◆ The task ◆
Nothing except the pictures should be left out when you reproduce the listing exactly.

◆ Input material ◆
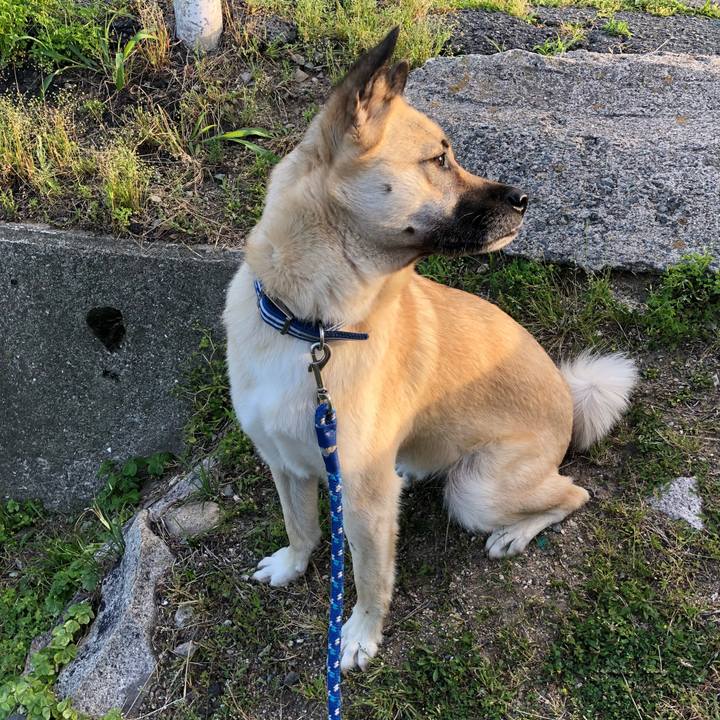 E041ac58 10d9 4ff0 9208 c4e75a7a3410 1526907295923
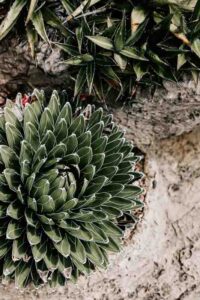 Professional videography, photography, drone footage of cacti plants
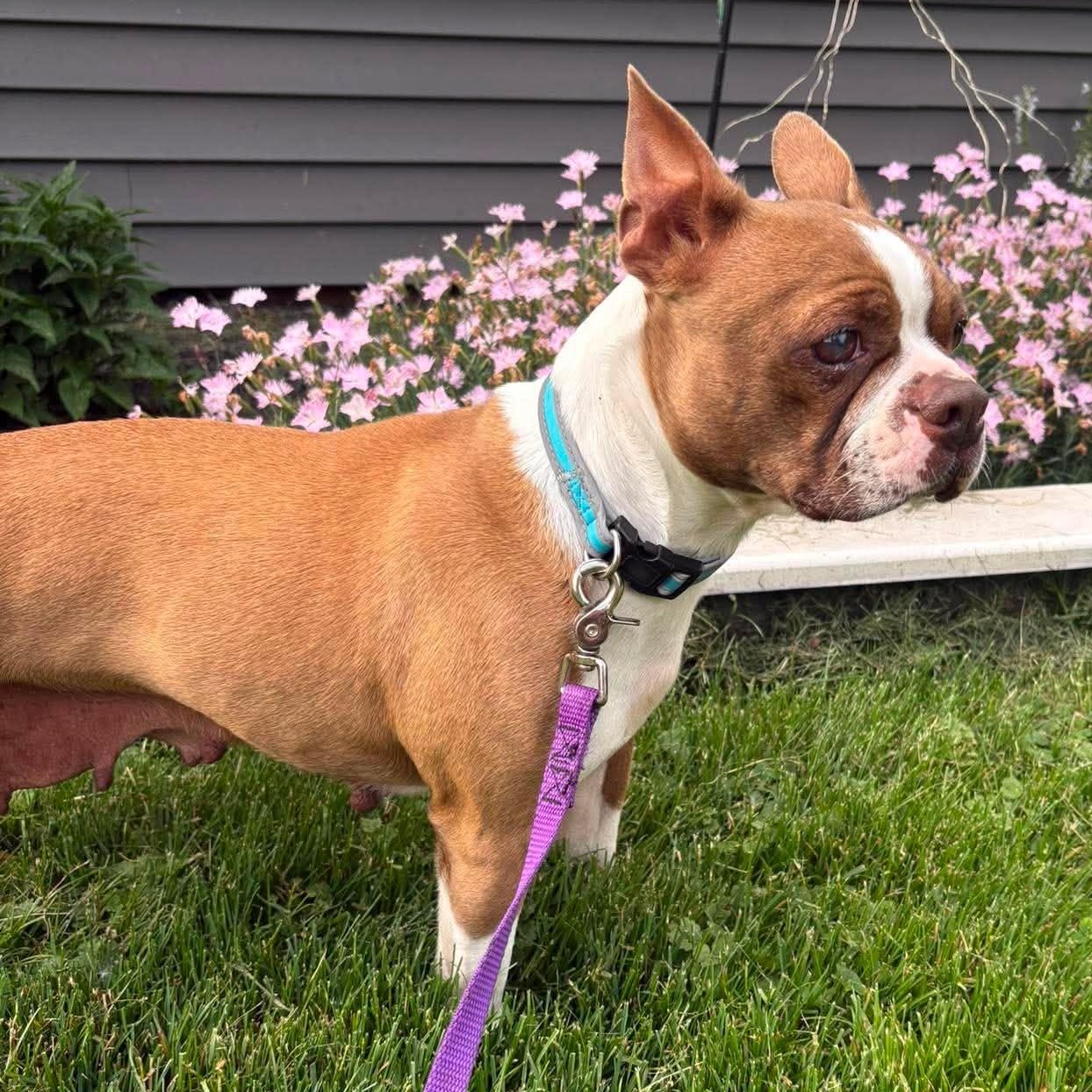 Blossom, a ADOPTABLE Boston Terrier in Holley, NY image 5/6
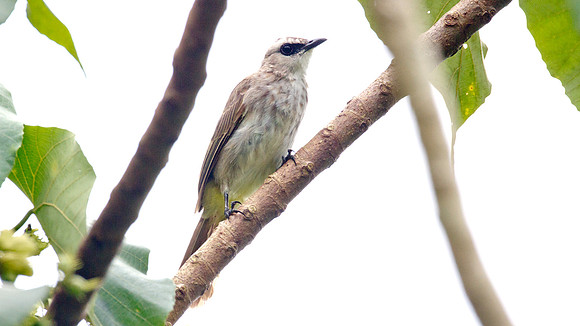 Yellow-vented Bulbul (Pycnonotus goiavier)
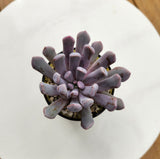 Succulent 10cm - Pots of Happiness collection
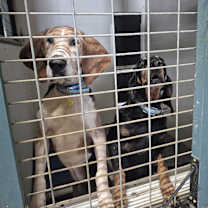 Thumbnail photo of Pappy #2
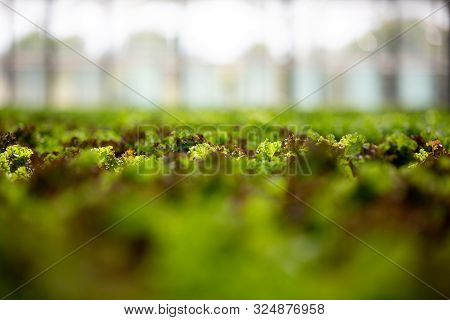 Greenhouse With Modern Technology For Growing Ogranic Green Salad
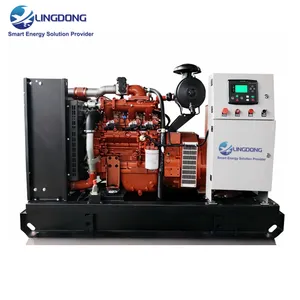 Factory Supply 62.5kVA Biogas Generator Set Price 50kW Genset Yuchai YC4D90N-D30 Engine Open Type Biogas Generator for Home Use thumbnail-1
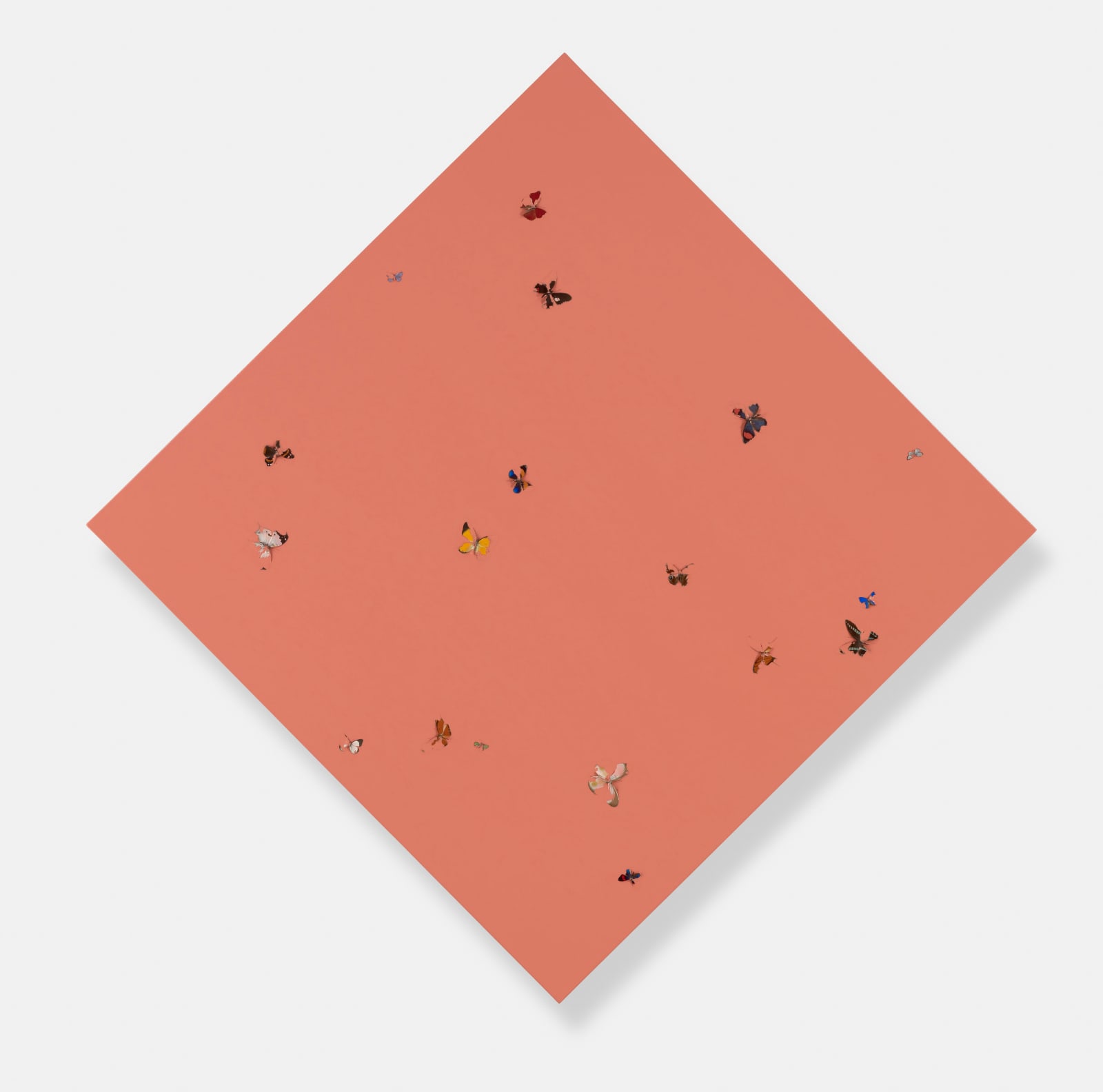 Damien Hirst, Coral Love, 2007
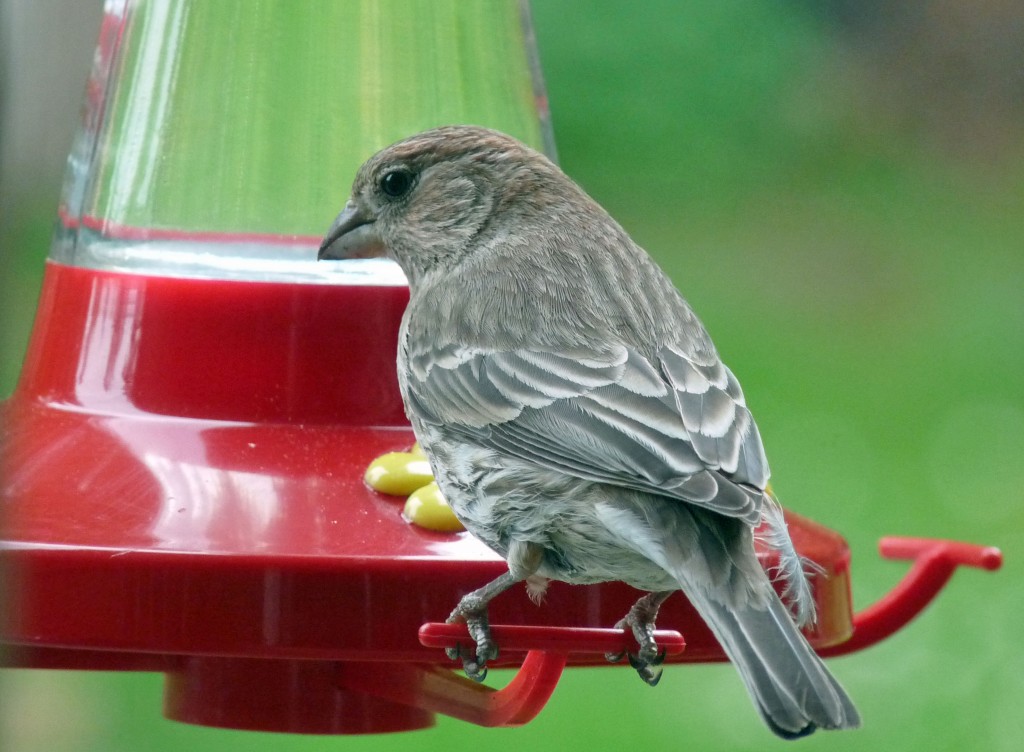 A female House Finch keeps one eye open as she cleans up the syrup around the hummer feeder. 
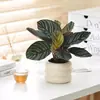 Bonsái Tocón Viejo Bonsái Cuatro Estaciones Plantas Fáciles de Cultivar Escritorio Oficina Floración Resistente a la Sequía Plantas Verdes Plantas Pequeñas en Maceta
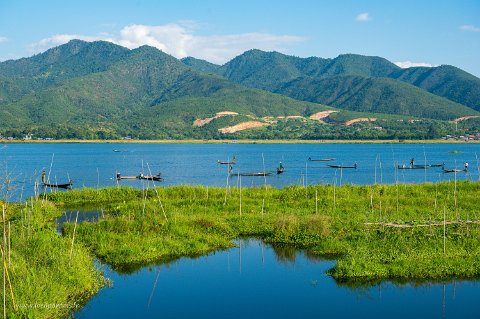 20191122__00289-182 Lac Inle au milieu des montagnes avec les jardins flottants et les innombrables pêcheurs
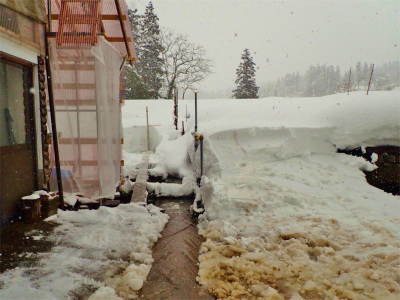 暖冬の積雪深を測ってみました_c0336902_18132791.jpg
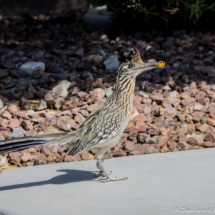 Greater Roadrunner with Wasp-01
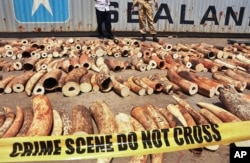 FILE - Kenyan officials in Mombasa display some of more than 1,600 pieces of illegal ivory found hidden inside bags of sesame seeds in freight traveling from Uganda, Oct. 8, 2013.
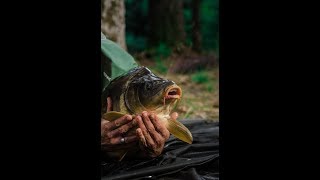 The estate lake carp fishing in France 🇫🇷 [upl. by Darby]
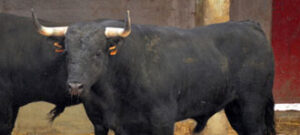 (Foto: www.zaragozatoros.com)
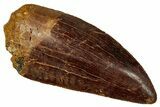 Serrated Carcharodontosaurus Tooth - Excellent Preservation #341108-1
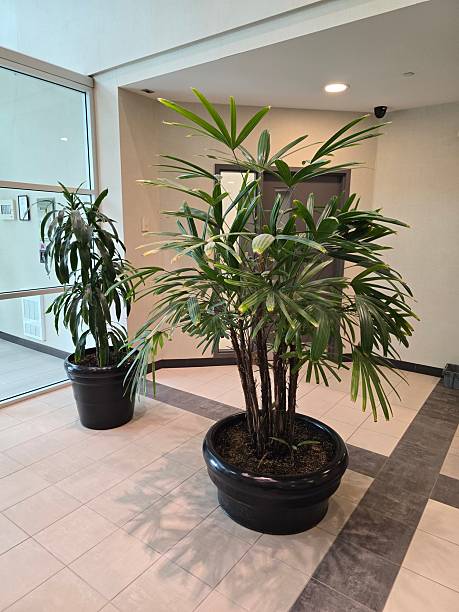 istock Indoor Potted Plants in Modern Office Lobby 2223110949
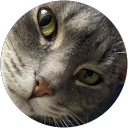Josephine Finocchiaro profile picture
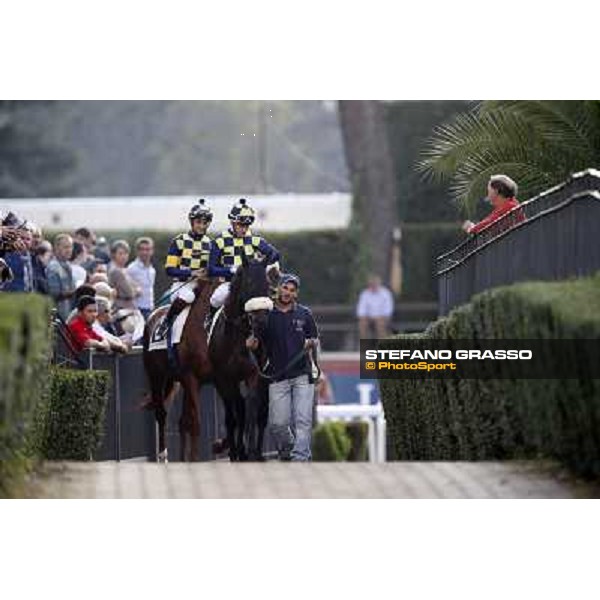 Celticus and Drive to Hell Roma,Capannelle racecourse,27th oct.2013 ph.Stefano Grasso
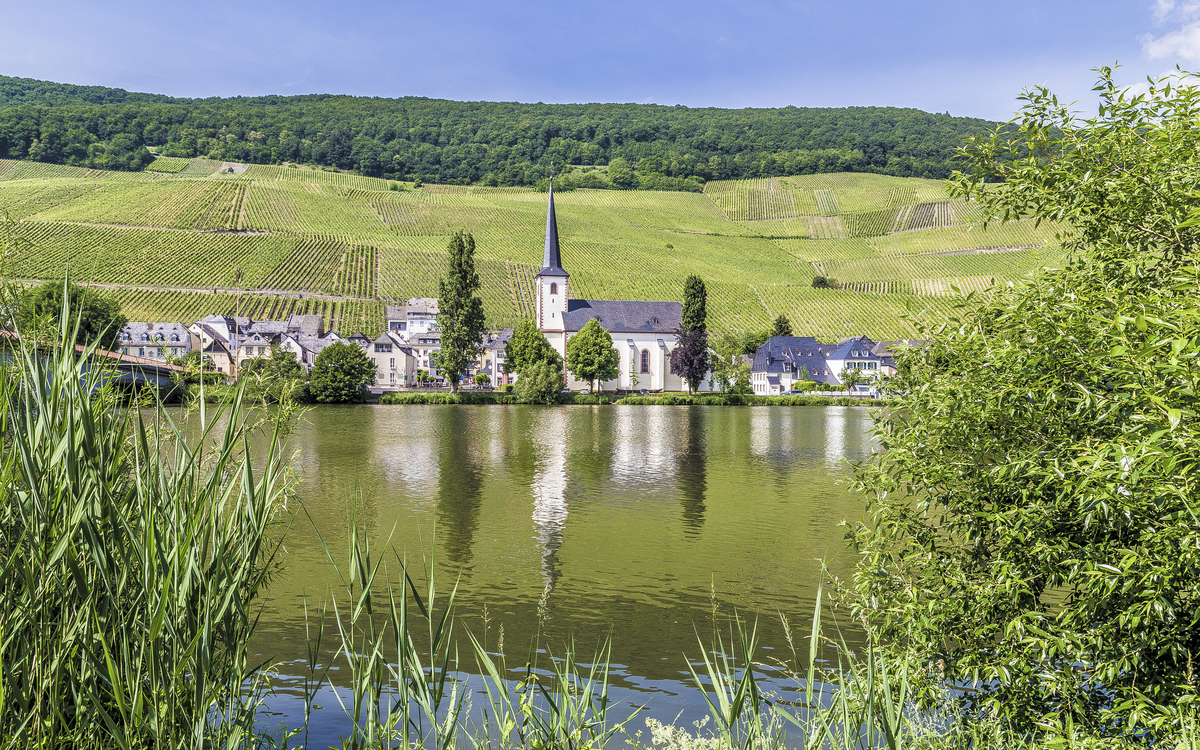 Piesport an der Mosel, Deutschland
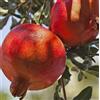 PianteWeb Albero Melograno Mollar Elche - Età 1 anno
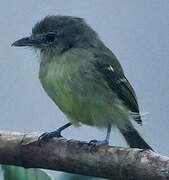 Yellow-margined Flatbill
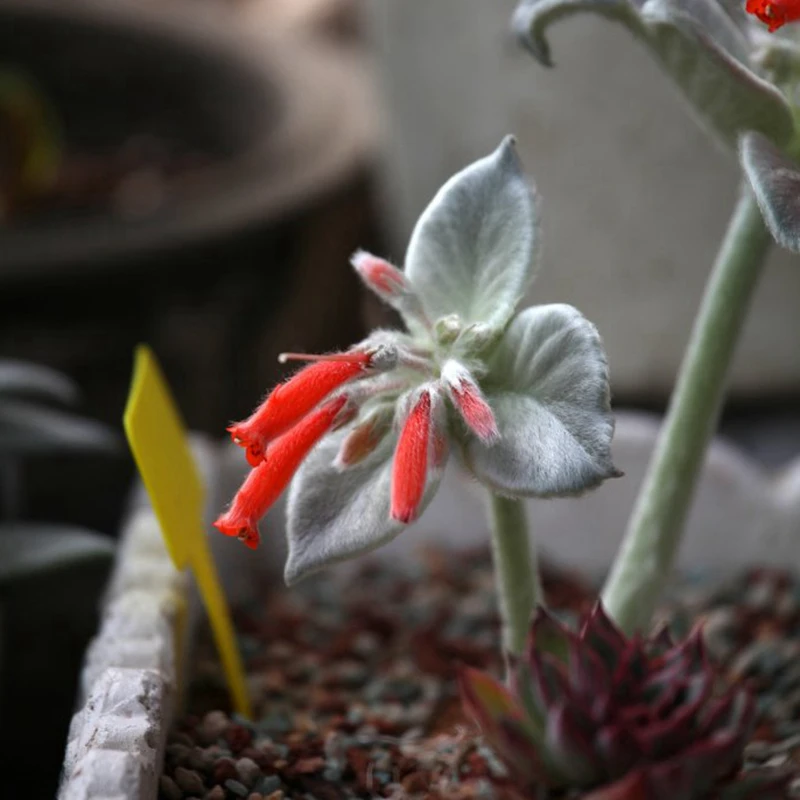 10Seed lot Canescens Seed Sinningia Rechsteineria Leucotricha Echeveria Diffractens Root Crops Bonsai Garden Supplies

◆ Exercise output ◆
 E041ac58 10d9 4ff0 9208 c4e75a7a3410 1526907295923
 Professional videography, photography, drone footage of cacti plants
 Blossom, a ADOPTABLE Boston Terrier in Holley, NY image 5/6
 Yellow-vented Bulbul (Pycnonotus goiavier)
 Succulent 10cm - Pots of Happiness collection
 Thumbnail photo of Pappy #2
 Greenhouse With Modern Technology For Growing Ogranic Green Salad
 Factory Supply 62.5kVA Biogas Generator Set Price 50kW Genset Yuchai YC4D90N-D30 Engine Open Type Biogas Generator for Home Use thumbnail-1
 Damien Hirst, Coral Love, 2007
 A female House Finch keeps one eye open as she cleans up the syrup around the hummer feeder. 
 Bonsái Tocón Viejo Bonsái Cuatro Estaciones Plantas Fáciles de Cultivar Escritorio Oficina Floración Resistente a la Sequía Plantas Verdes Plantas Pequeñas en Maceta
 20191122__00289-182 Lac Inle au milieu des montagnes avec les jardins flottants et les innombrables pêcheurs
 暖冬の積雪深を測ってみました_c0336902_18132791.jpg
 Greater Roadrunner with Wasp-01
 FILE - Kenyan officials in Mombasa display some of more than 1,600 pieces of illegal ivory found hidden inside bags of sesame seeds in freight traveling from Uganda, Oct. 8, 2013.
 The estate lake carp fishing in France 🇫🇷 [upl. by Darby]
 (Foto: www.zaragozatoros.com)
 Serrated Carcharodontosaurus Tooth - Excellent Preservation #341108-1
 istock Indoor Potted Plants in Modern Office Lobby 2223110949
Josephine Finocchiaro profile picture
 Celticus and Drive to Hell Roma,Capannelle racecourse,27th oct.2013 ph.Stefano Grasso
 Piesport an der Mosel, Deutschland
 PianteWeb Albero Melograno Mollar Elche - Età 1 anno
 Yellow-margined Flatbill
 10Seed lot Canescens Seed Sinningia Rechsteineria Leucotricha Echeveria Diffractens Root Crops Bonsai Garden Supplies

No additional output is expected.